This is a complicated question. Ultimately in the C++ AST, a normal conformance is created to describe the conformance of MyView to View. There is also an associated type declaration for the Body associated type of View. A normal conformance stores a type for each of the protocol's associated type declarations. In this case, the type is a typealias named Body declared in MyView, but this typealias is synthesized. It's underlying type is the opaque return type of 'var body'. An opaque return type just describes its requirements (some View). It also has an underlying type, which is Text. Text is a non-generic nominal type so it just points to its struct declaration in the SwiftUI module.
I don't think there's any ready-made tool outside of the frontend itself, that can abstractly express the above at the level of detail I described it, but various "projections" that describe a subset of this information can be devised. My description is itself an oversimplification (a type witness in a conformance might be some structural type like a function type or tuple, in reality opaque archetypes have a more complex representation that also stores a substitution map, etc.)

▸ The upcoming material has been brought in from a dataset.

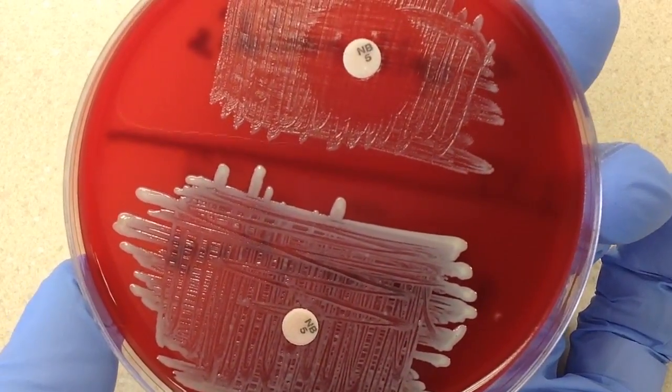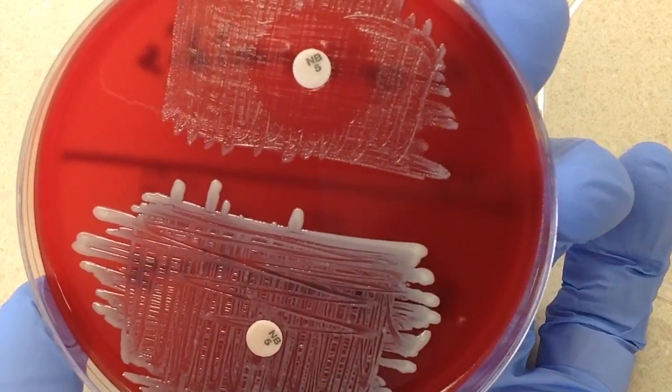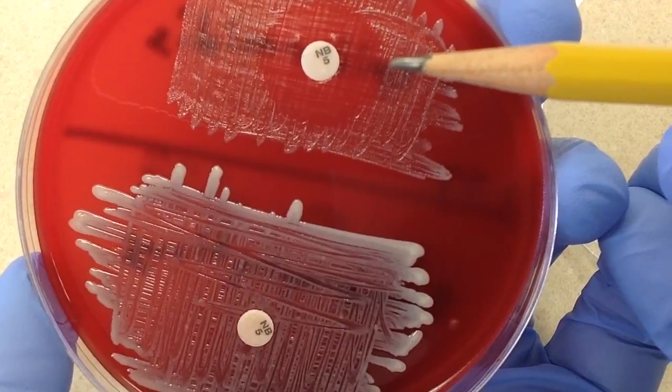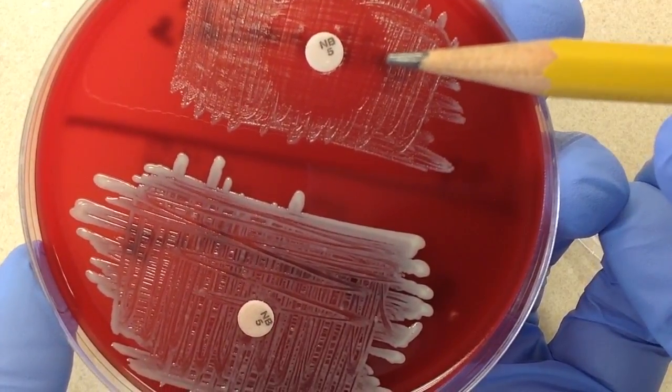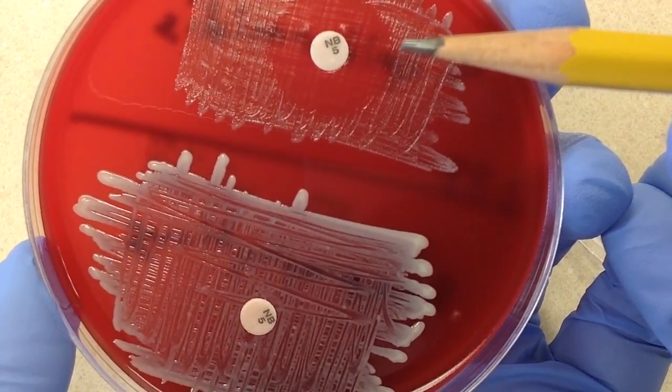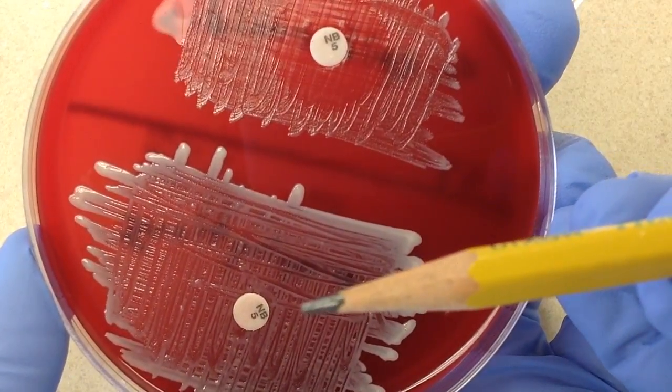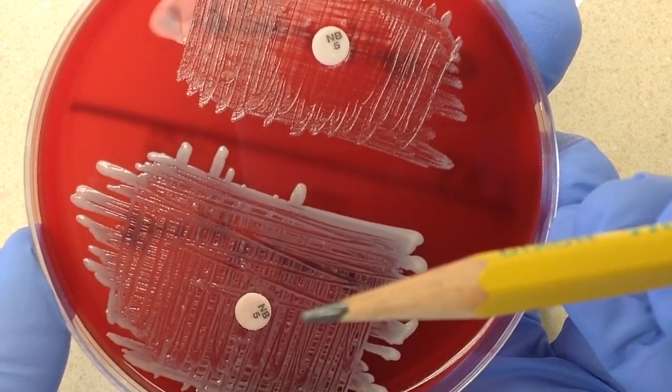So now it's time to go ahead and read these plates. We can see the obvious zone of inhibition or susceptibility on the top — this is Staph epidermidis. And on the bottom, we can see that it is completely resistant.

You can take a look at lib/ConstExtract/ConstExtract.cpp for an example of a tool that dumps conformance information from the C++ AST in a JSON format.
Indeed what I am looking for is the underlying type. Note that I am not really looking for opaque type but all inferred type (ie which doesn't appear in the source code).
I have had a look at the output of the swiftc -debug-constraints command and it seems (but maybe it's due to the fact that my test code is too simple) that the compiler has the info at some point which make sense as it has to check the conformance of the type for typechecking the whole code.
So my understanding reading your answer is that this information is not surfaced anywhere outside of the compiler.
I was surprised that this info doesn't seem available to the LSP server to provide code completion and information. Or I just didn't find it when I looked at the data provided by SourceKit.
In what form do you expect this type? A structural representation? A mangled name? A human-readable description? Types are tree structures in Swift, so for example Text is the simplest case but they can have arbitrarily-complex structure, like Array<(Int, Optional<Int.Type>) -> ()>, etc.
The SourceKit server is implemented on top of the frontend internally, but it doesn't expose the information you're looking for.
The real solution to all these problems is to one day re-implement the compiler in Swift, and have a nice, clean standalone "SwiftTypeSystem" library fall out from this, that models the entire type systems and generics in a reasonable and correct manner. But that doesn't exist right now.
Yeah I do expect very complex types.
For my current use case both mangled name or human-readable description are good to go.
AFAIK mangled name can be demangled if necessary. And I suppose I could parse Array<(Int, Optional<Int.Type>) -> ()> to have a more structured necessary representation if necessary.
OK so I didn't missed it.
I will try to find another way then
Thank you again for taking the time to answer my questions.